■ PROBLEM TO SOLVE ■
In the listing below, locate the line that contains "Detailed view of" and the line that contains "Gender reveal party with pink smoke". Restate word for word those two lines and every line between them, and nothing else.

■ RECORDS TO PROCESS ■
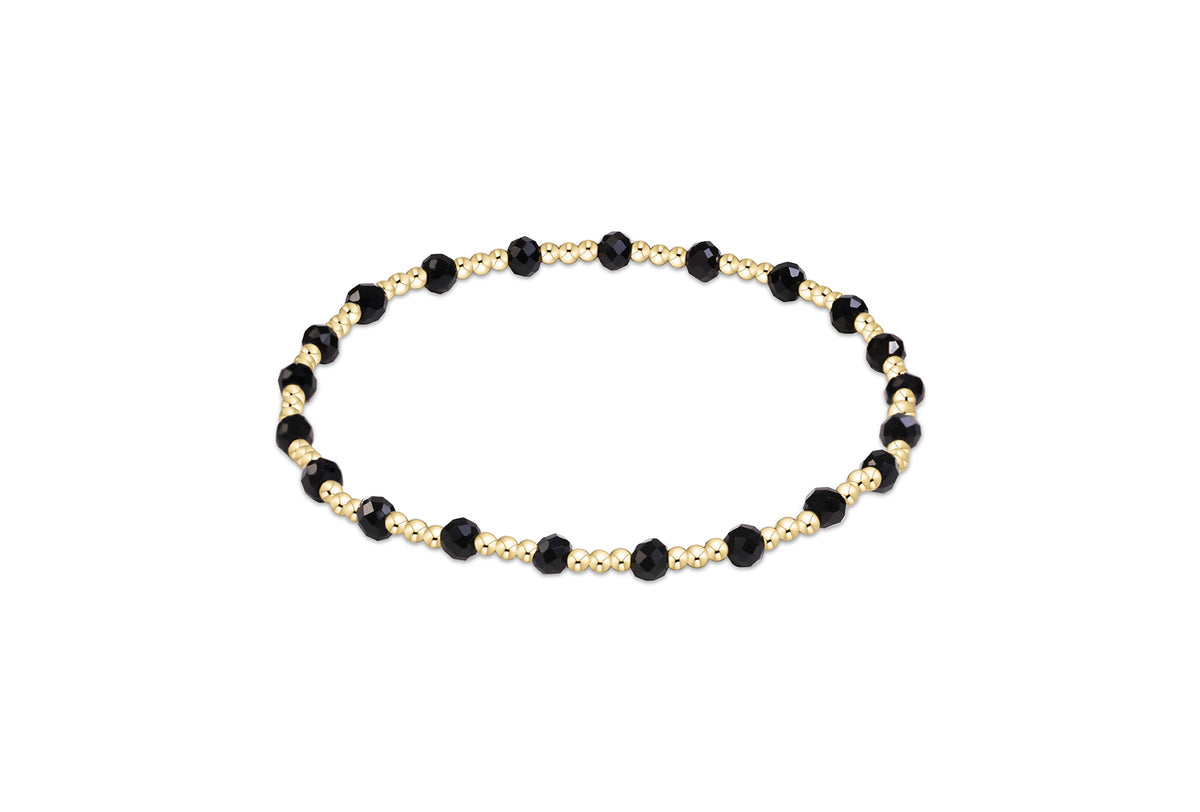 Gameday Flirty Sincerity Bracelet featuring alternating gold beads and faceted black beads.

* * *

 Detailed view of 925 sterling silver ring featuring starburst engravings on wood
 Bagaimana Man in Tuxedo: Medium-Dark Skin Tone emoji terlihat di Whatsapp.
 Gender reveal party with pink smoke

==

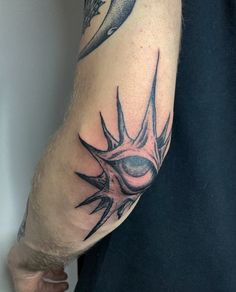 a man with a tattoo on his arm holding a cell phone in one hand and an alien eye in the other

■ RESULT OF THE EXERCISE ■
 Detailed view of 925 sterling silver ring featuring starburst engravings on wood
 Bagaimana Man in Tuxedo: Medium-Dark Skin Tone emoji terlihat di Whatsapp.
 Gender reveal party with pink smoke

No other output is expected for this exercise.